Читаем Шпицбергенский дневник полностью

Хотя только позавчера мы с Алёной и Юлей выпили по рюмашке за мой отъезд и упаковывали последнюю сумку чуть ли не до полуночи. Потом всё же легли немного поспать. Юля встала кто знает когда, раньше будильника, который своим звонком разбудил меня ровно в половине пятого. В пять я напомнил по телефону таксопарку о заказанной машине. Меня успокоили, сказав, что заказ принят. И действительно без четверти шесть диспетчер сообщила, что машина стоит у подъезда.

К этому времени я уже позавтракал (Алёна и Юля так рано есть не стали), и мы, присев и помолчав перед выходом на дорожку, успели вынести все вещи. Упаковывались с некоторыми трудностями: вещи не помещались в багажник, так что часть пришлось положить на переднее сидение. Наконец помчались по уже светлым утренним набережным до самого Кремля, а затем по Тверской хоженой мною перехоженной.
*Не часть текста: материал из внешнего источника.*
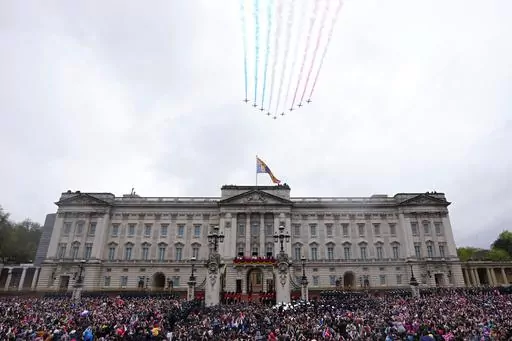 Britain's King Charles III and Queen Camilla on the balcony of Buckingham Palace watch the Royal Air Force Red Arrows fly over after their coronation ceremony, in London, on May 6, 2023. A change in monarchs, double-digit inflation and ongoing costs of renovating Buckingham Palace contributed to a 5% increase in publicly-funded spending by Britain's royals, royal accounts published Thursday, June 29, 2023 showed. (AP Photo/Petr David Josek, File)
В Шереметьево-1 таксист высадил нас у здания отправления, взял с меня по двойному тарифу, плюс десятку за заказ и всё равно получилось лишь тридцать рублей. Я думал, что сдерёт не меньше пол сотни. Однако выяснилось, что зал для депутатов, откуда отправляют полярников, существенно дальше. Попросил носильщика с тележкой перебросить вещи туда, за что заплатил пять рублей, хотя тоже полагал, что перевозчик тяжестей запросит больше. Не запросил.

Минут двадцать просидели в одиночестве, пока я не сообразил, что нужно поискать полярников, которые должны были прибыть автобусом. Оказывается все они, одетые в одинаковые дублёнки, по которым их не трудно было определить, уже находились у помещения со строгой надписью «Таможня», где всё уже было в движении. Оттащили туда мои вещи, и вот уже чемоданы и сумки ползут по транспортёрной ленте через всёвидящее око рентгена.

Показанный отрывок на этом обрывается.